Session 23
Plan-Space Planning
810:161
Artificial Intelligence
today's slides in PDF
Context: The Planning Problem
The planning problem is this:
Given an initial state description I, a goal state description G, and a set
of operators O, produce a plan P such that executing P in a state described
by I results in state described by G.
For more, see our intro to planning.
Applications of Goal-Stack Planning in the Blocks World
An Opening Exercise: Stack B on A from an initial state of A on B.
A Thorny Problem (Sussman's Anomaly): Stack A on B on C from an
initial state of C on A and B on the table.
Analysis of goal-stack planning:
- nondeterministic
- backward chaining
- generates total-order plans
- non-interleaving
- "most commitment"
- incomplete
- state-based (the problem space = space of world states)
But what alternative do we have?
Plan-Space Planning
Goal-stack planning, exemplified in the STRIPS representation and
algorithm, is an example of state-space planning: The states in our search
are possible world states. Most of the negative features of STRIPS result
from searching through a space of world states; the rest result from using
a stack to control the search.
Instead of searching through a space of world states, we could search
through a space of potential plans and sub-plans. (Go "meta"!)

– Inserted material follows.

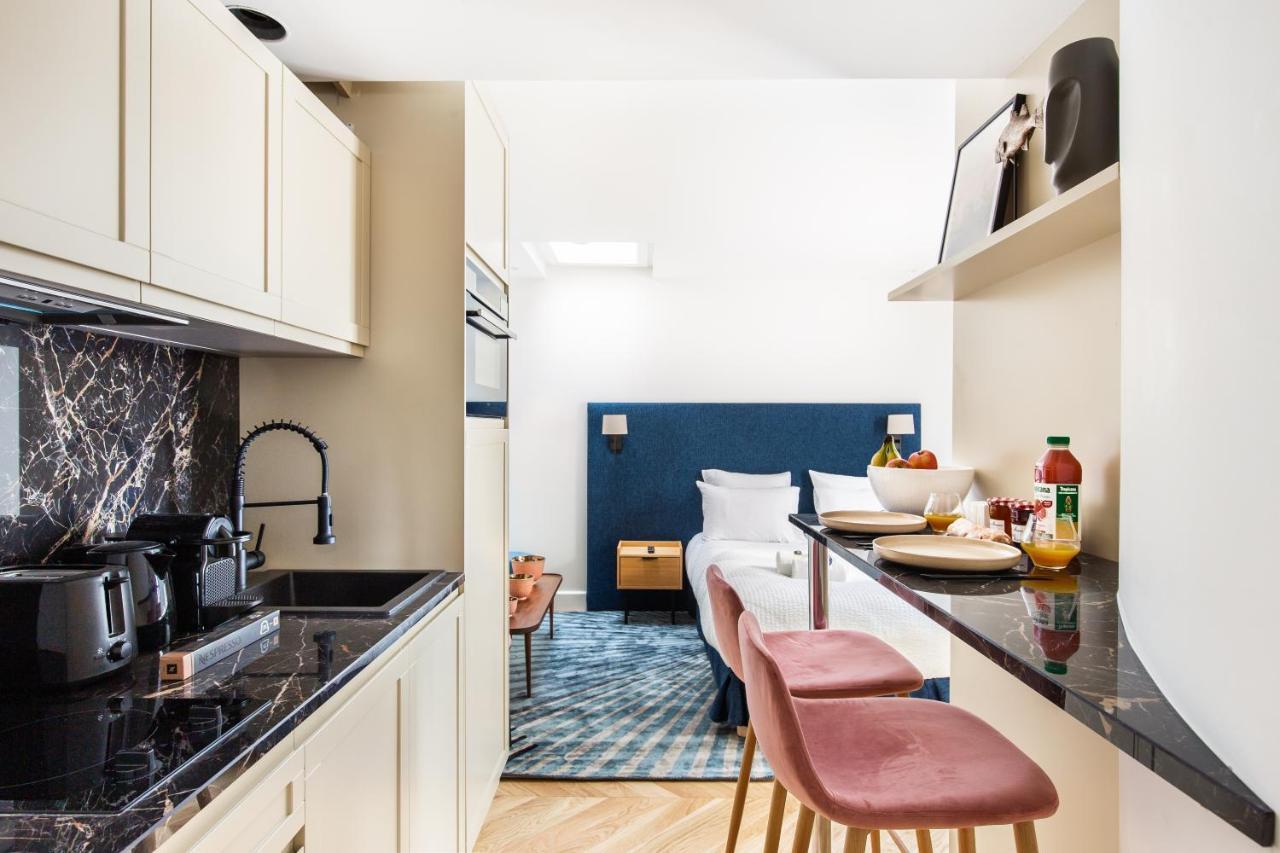 Quartier Libre - Saint Georges Apartment Paris Exterior photo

This sort of problem transformation comes to mind because we know what
is wrong with state-space planning. (Analogy to theory of computation
and problem transformations.)
So: let's changed our view of planning from:
"Searching in a space of world states for a goal state (and returning an
operator sequence that will take us from the initial state to there)."
To:
"Searching in a space of (partial) plans for a plan that takes us from
initial state to a goal state (and returning the plan)."
Plan-Space Planning
In plan-space planning, we search through a space of potential partial
plans. On this view,
- A state is a plan.
- The plan may be incomplete, or partial. In a partial
plan, steps are given with a partial ordering and may contain
unbound variables.
- A complete plan has all steps related by a total ordering,
and all of its variables are bound.
- An operator creates a new plan from an old plan. There are two
possible kinds of operator:
- A refinement operator takes a partial plan and adds
a constraint to it. That is, it makes the plan more specific
and makes one or more decisions left open in the partial plan.
Refinement operators allow "progression" planning, since they
move (we hope) toward the goal.
- A modification operator does anything else. It might
change the plan by making some decisions and undoing others,
or it may just undo an earlier decision. Modification operators
thus allow "regression" in the planning process.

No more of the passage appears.